While celebrating the current success of the banking sector, it is crucial to adopt a proactive and vigilant stance to navigate the complexities and uncertainties of the times we live in. 

Drishti Mains Question

Q. Despite the robust performance of the Indian Banking sector in the recent past, certain risk factors pose potential challenges. Elaborate and give suitable measures. (250 words) 

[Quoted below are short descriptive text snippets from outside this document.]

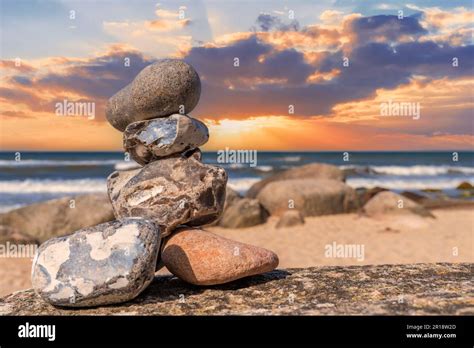 Stone pyramids and glass sphere on the dreamy Baltic Sea sand beach on ...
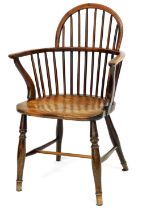 A 19thC yew and elm Windsor chair, with spindle turned back, solid seat, on turned legs with H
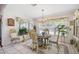 Bright dining room featuring a chandelier, large windows, and a decorative hutch at 11728 Se 91St Cir, Summerfield, FL 34491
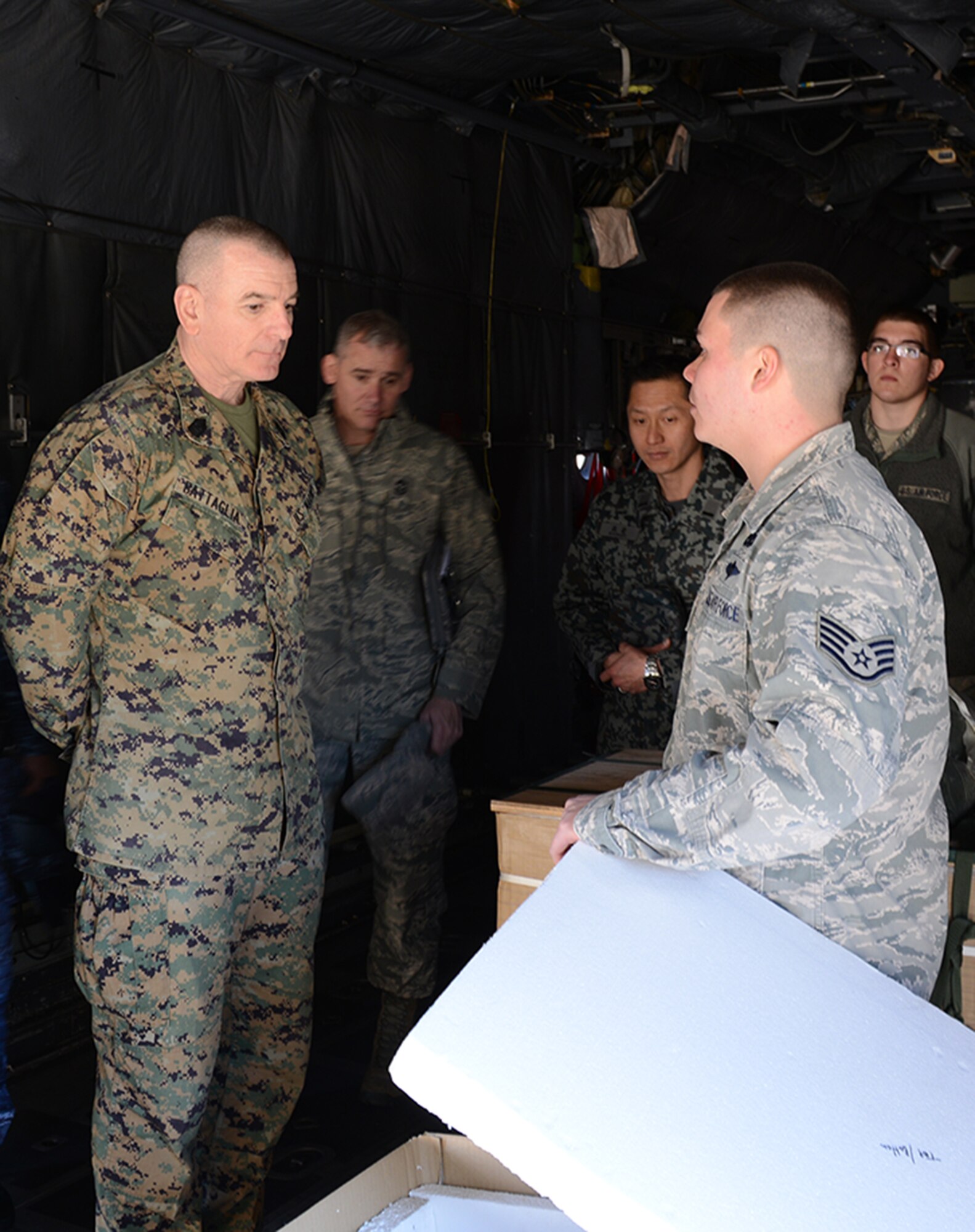 The senior enlisted advisor to the chairman of the Joint Chiefs of Staff, Marine Corps Sgt. Maj. Bryan Battaglia, asks Staff Sgt. Joshua Correa, combat mobility flight supervisor, a question about the low-cost, low-altitude pallets used for Operation Christmas Drop, Feb. 11, 2015, at Yokota Air Base, Japan. Operation Christmas Drop is the world’s longest running airdrop mission, which Yokota participates in every year. (U.S. Air Force photo by Senior Airman Desiree Economides/Released)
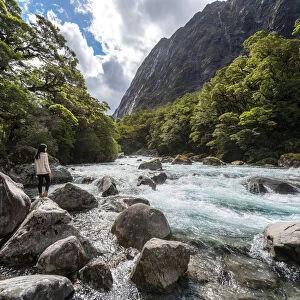 The women stands on a stone in the midst of watercourse with mountains in Milford highway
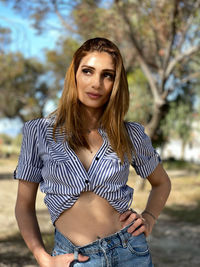 Portrait of young woman standing outdoors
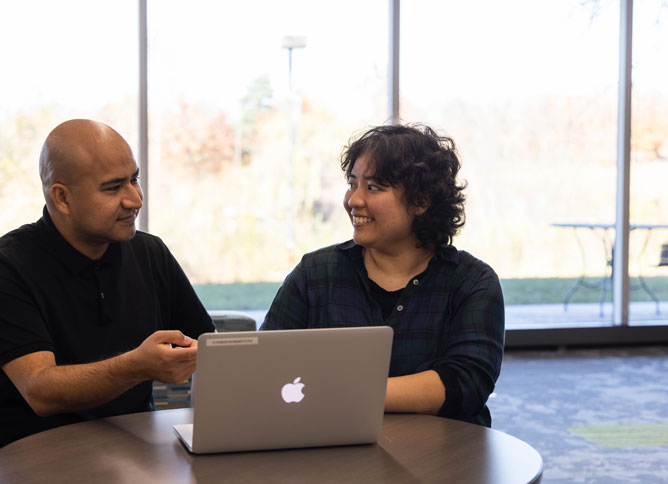 Student and faculty at computer.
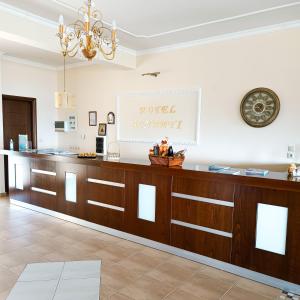 a pharmacy counter in a room with a clock on the wall at Hotel Agnanti Unique Hospitality in Kastoria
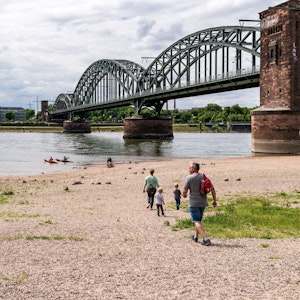 Menschen gehen am Rhein spazieren, die Sonne scheint.
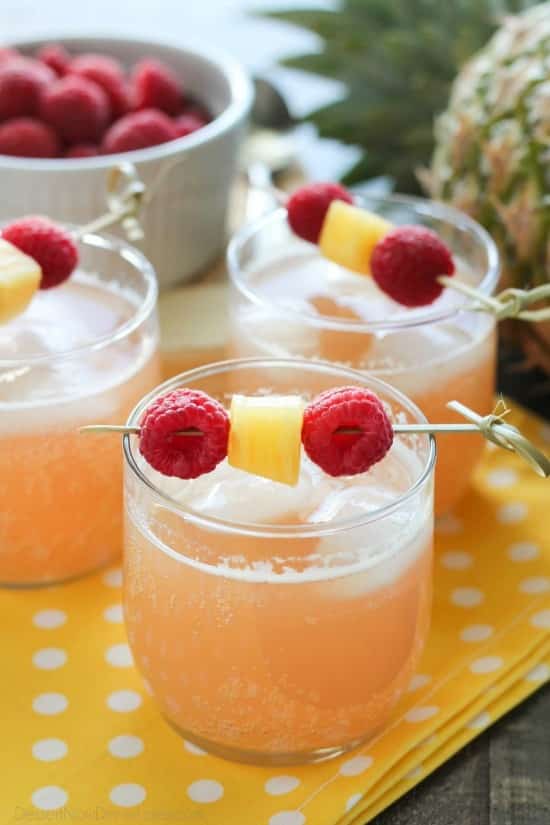 Raspberry Pineapple Punch is fruity, fizzy, and family friendly. Great for your summer party or baby shower.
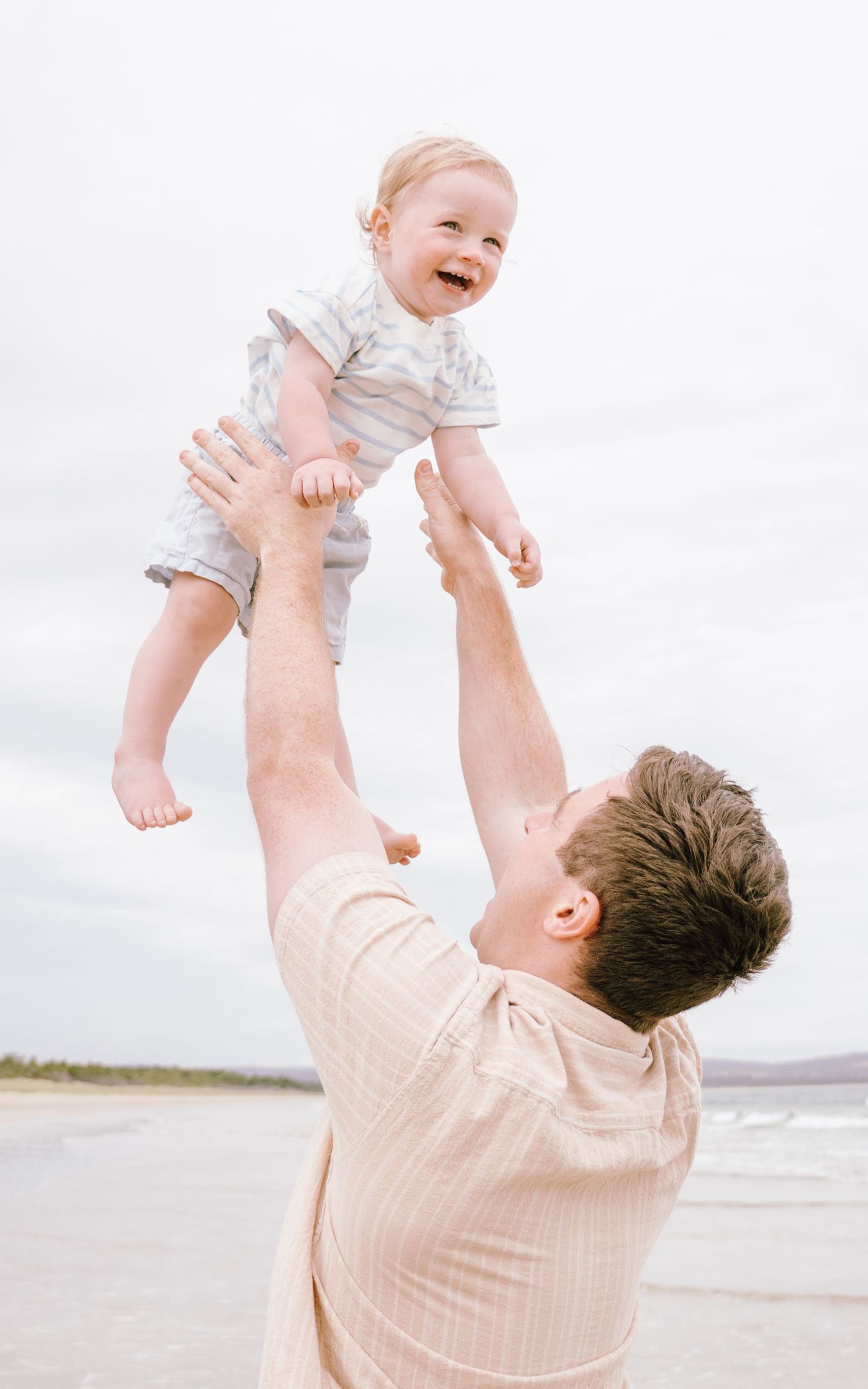 A joyful baby is lifted high into the air at the beach while wearing light colored clothing.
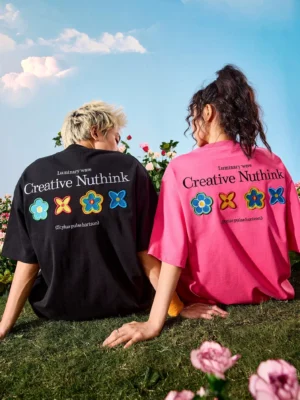 Oversized floral patch graphic T-shirt shown from the rear three-quarter view with colorful flower appliques and Creative Nuthink slogan in a sunny flower field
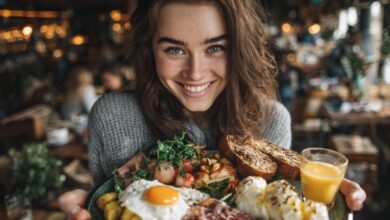 Teen girl smiling while holding a plate of balanced food representing healthy teen eating habits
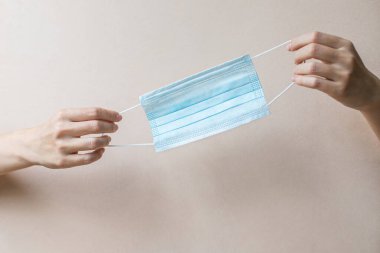 Genç bir kadın elinde tıbbi bir maske tutuyor. Kızın elinde arka planda koruyucu bir maske var. Sağlık hizmetleri kavramı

UPSC Civil Services Examination, Previous Year Question (PYQ) 


Q1. With reference to the Banks Board Bureau (BBB), which of the following statements are correct? (2022) 

  1. The Governor of RBI is the Chairman of BBB. 
  2. BBB recommends for the selection of heads for Public Sector Banks. 
  3. BBB helps the Public Sector Banks in developing strategies and capital raising plans.  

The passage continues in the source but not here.